(Provided data Opens)
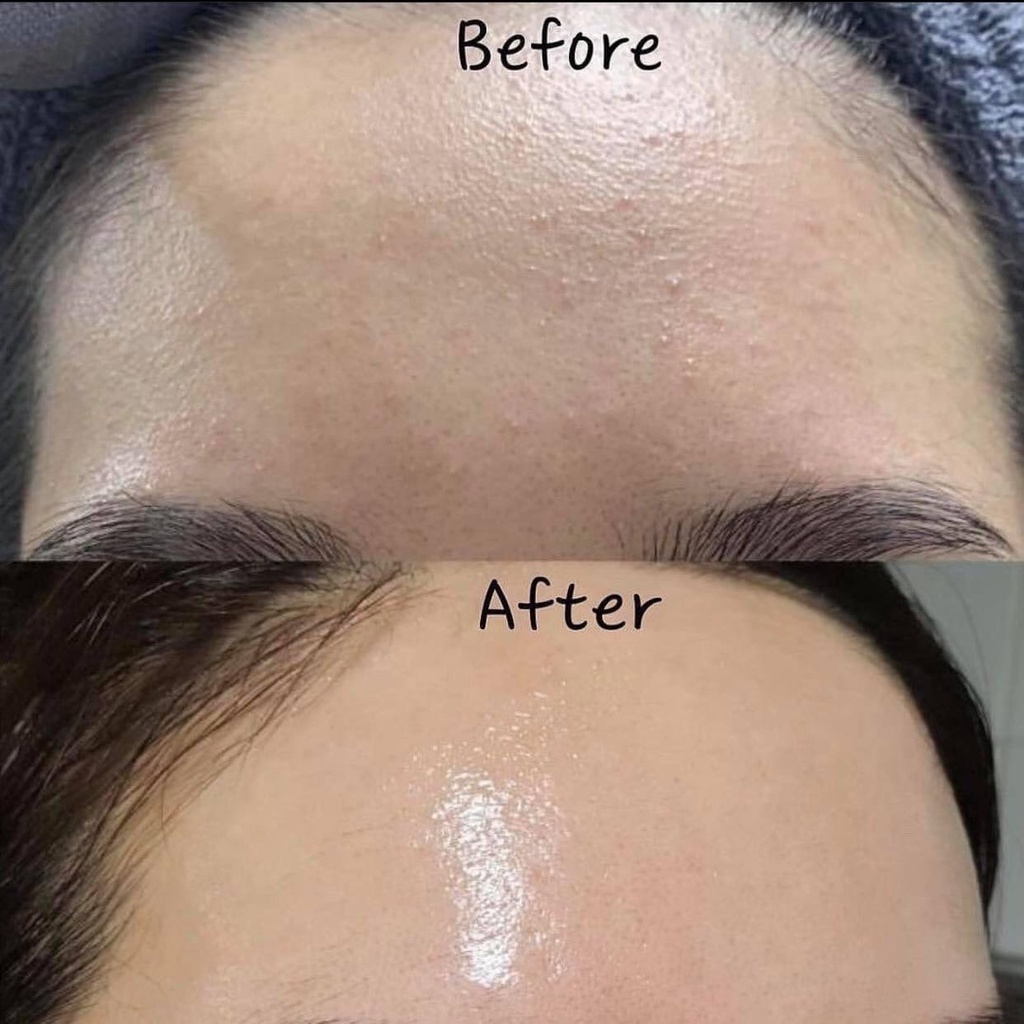 E98_Serum Vitamin B5 10% của Vlenn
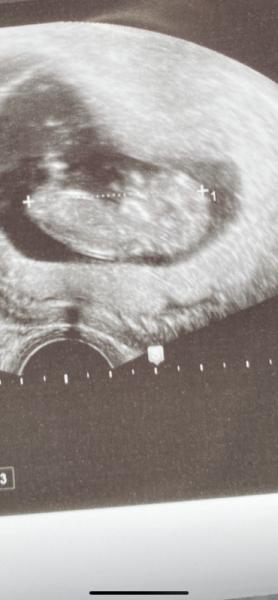 Bild zu Junge oder Mädchen? Was denkt ihr😊 - Schwanger - wer noch? Rund um die Schwangerschaft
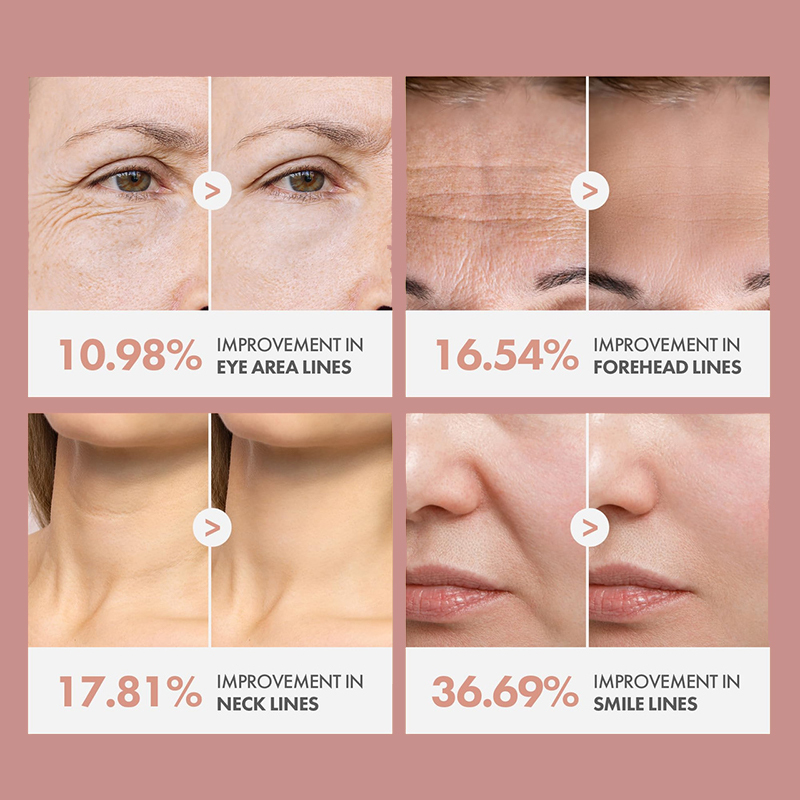 Oalen Private Label PDRN Pink Collagen Volume Multi Balm Multi Repair Stick For Dry Fine Lines Dark Circles Sagging Dull Skin On Eye Cheek Lip And Neck,MY SHOP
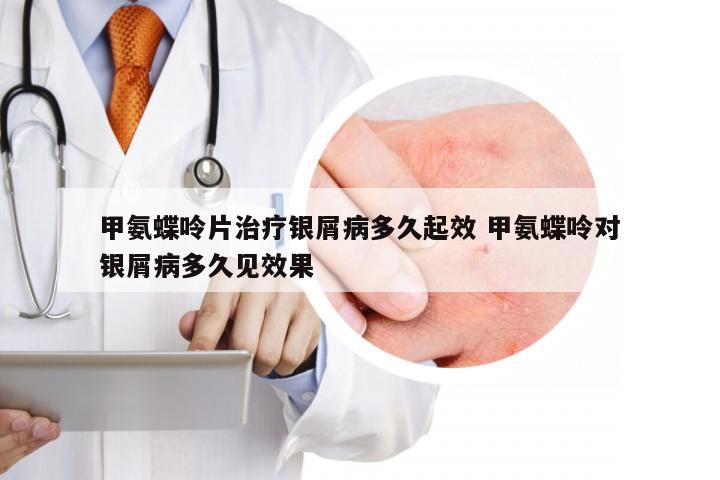 甲氨蝶呤片治疗银屑病多久起效 甲氨蝶呤对银屑病多久见效果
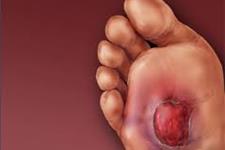 تمرکز مطالعات بالینی سلول های بنیادی مشتق از چربی روی زخم پای بهبود نیابنده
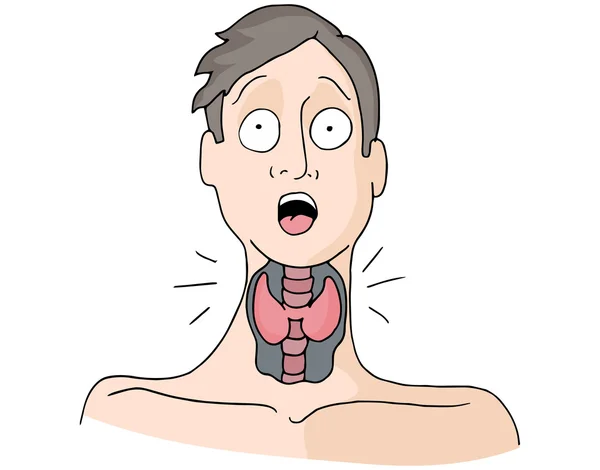 Thyroid Medical Condition Man — Stock Vector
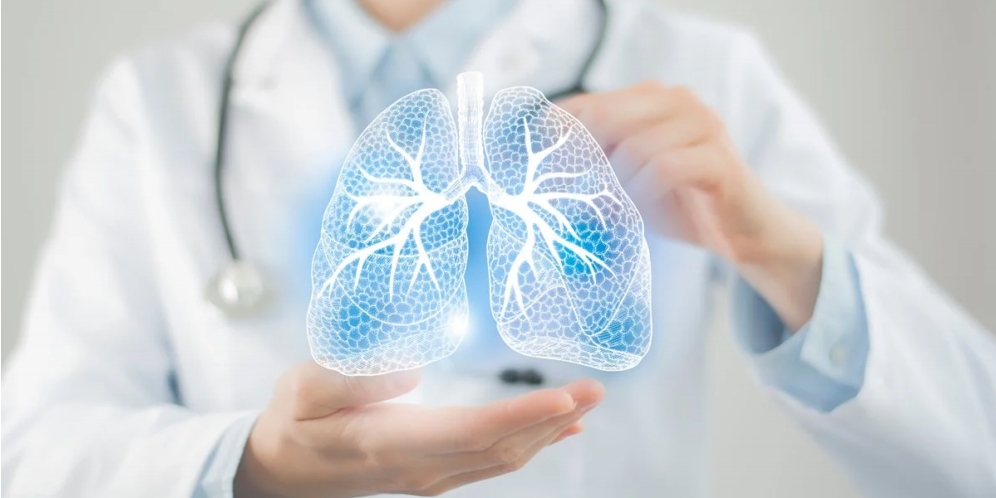 Image is not available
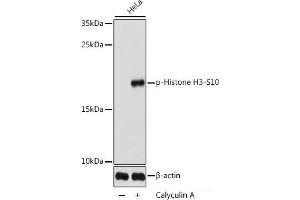 Western blot analysis of extracts of HeLa cells using Phospho-Histone H3(S10) Polyclonal Antibody at dilution of 1:1000. (Histone 3 anticorps  (pSer10))
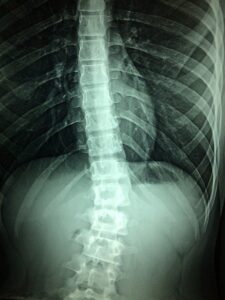 What Kinds of Damages Can a Spinal Cord Injury Lawyer Help Clients Seek?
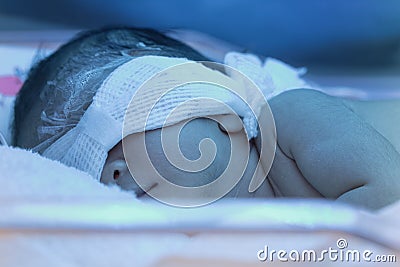 Newborn baby with neonatal jaundice under blue UV light Stock Photo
(Provided data Closes)
What you will do
With pictures left out, repeat exactly the lines from the one containing "Thyroid Medical Condition Man — Stock Vector" through the last line of the data above, inclusive, and nothing else.

Solution to the problem
 Thyroid Medical Condition Man — Stock Vector
 Image is not available
 Western blot analysis of extracts of HeLa cells using Phospho-Histone H3(S10) Polyclonal Antibody at dilution of 1:1000. (Histone 3 anticorps  (pSer10))
 What Kinds of Damages Can a Spinal Cord Injury Lawyer Help Clients Seek?
 Newborn baby with neonatal jaundice under blue UV light Stock Photo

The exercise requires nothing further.